SILAS X. FLOYD

They were having a rough-and-tumble time of it and Pansy was getting some pretty hard blows. She took them all good-naturedly, nevertheless, and tried to give as good as she received, much to the delight of her little boy friends. A lady who was standing near, afraid for the little girl, chided the boys and said:

"You shouldn't handle Pansy so roughly—you might hurt her."

And then Pansy looked up in sweet surprise and said with amusing seriousness:

"No; they won't hurt me. I don't break easy."

It was a thoroughly childlike expression, but it had more wisdom in it than Pansy knew. She spoke of a little girl's experience with dolls, some of which, as she had learned, broke very easily. Pansy knew how delightful it was to have a doll that didn't break so easily. Though she was not a homely girl by any means, yet she wanted it understood that she was not like a piece of china. That was why the other children liked her so much—because she knew how to rough it without crying or complaining at every turn. Pansy was not a cry-baby.

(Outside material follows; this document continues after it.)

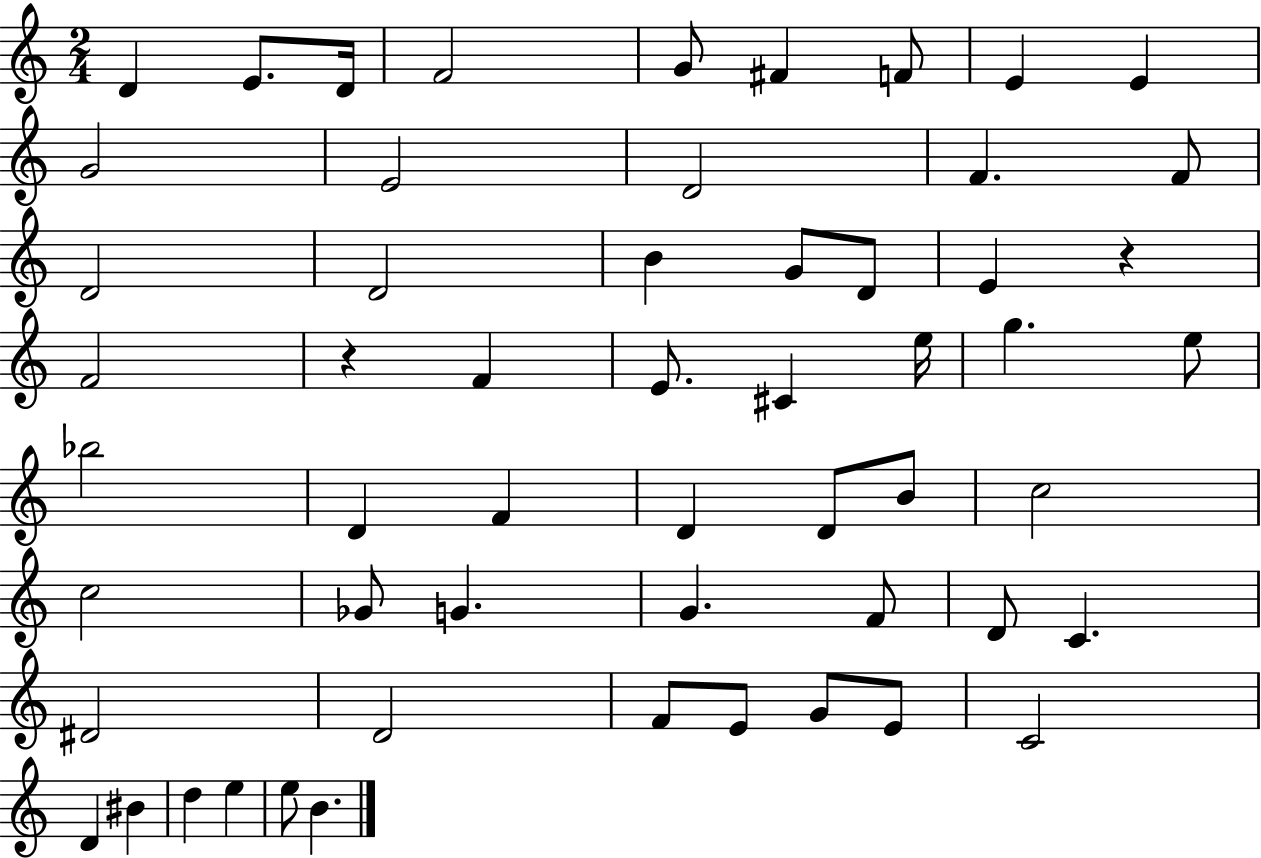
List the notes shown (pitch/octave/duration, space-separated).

D4/q E4/e. D4/s F4/h G4/e F#4/q F4/e E4/q E4/q G4/h E4/h D4/h F4/q. F4/e D4/h D4/h B4/q G4/e D4/e E4/q R/q F4/h R/q F4/q E4/e. C#4/q E5/s G5/q. E5/e Bb5/h D4/q F4/q D4/q D4/e B4/e C5/h C5/h Gb4/e G4/q. G4/q. F4/e D4/e C4/q. D#4/h D4/h F4/e E4/e G4/e E4/e C4/h D4/q BIS4/q D5/q E5/q E5/e B4/q.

There is all the time, my dear boys and girls, a great demand everywhere all through life for people who don't break easily—people who know how to take hard knocks without going all to pieces. The game of life is sometimes rough, even among those who mean to play fair. It is very trying when we have to deal with people who break easily, and are always getting hurt and spoiling the game with their tears and complaints. It is so much better when we have to deal with people who, like little Pansy, do not break easily. Some of them will laugh off the hardest words without wincing at all. You can jostle them as you will, but they don't fall down every time you shove them, and they don't cry every time they are pushed aside. You can't but like them, they take life so heartily and so sensibly. You don't have to hold yourself in with them all the time. You can let yourself out freely without being on pins as to the result. Young people of this class make good playmates or good work-fellows, as the case may be.

So, boys and girls, you must learn to rough it a little. Don't be a china doll, going to smash at every hard knock. If you get hard blows take them cheerily and as easily as you can. Even if some blow comes when you least expect it, and knocks you off your feet for a minute, don't let it floor you long. Everybody likes the fellow who can get up when he is knocked down and blink the tears away and pitch in again. Learning to get yourself accustomed to a little hard treatment will be good for you. Hard words and hard fortune often make us—if we don't let them break us. Stand up to your work or play courageously, and when you hear words that hurt, when you are hit hard with the blunders or misdeeds of others, when life goes roughly with you, keep right on in a happy, companionable, courageous, helpful spirit, and let the world know that you don't break easily.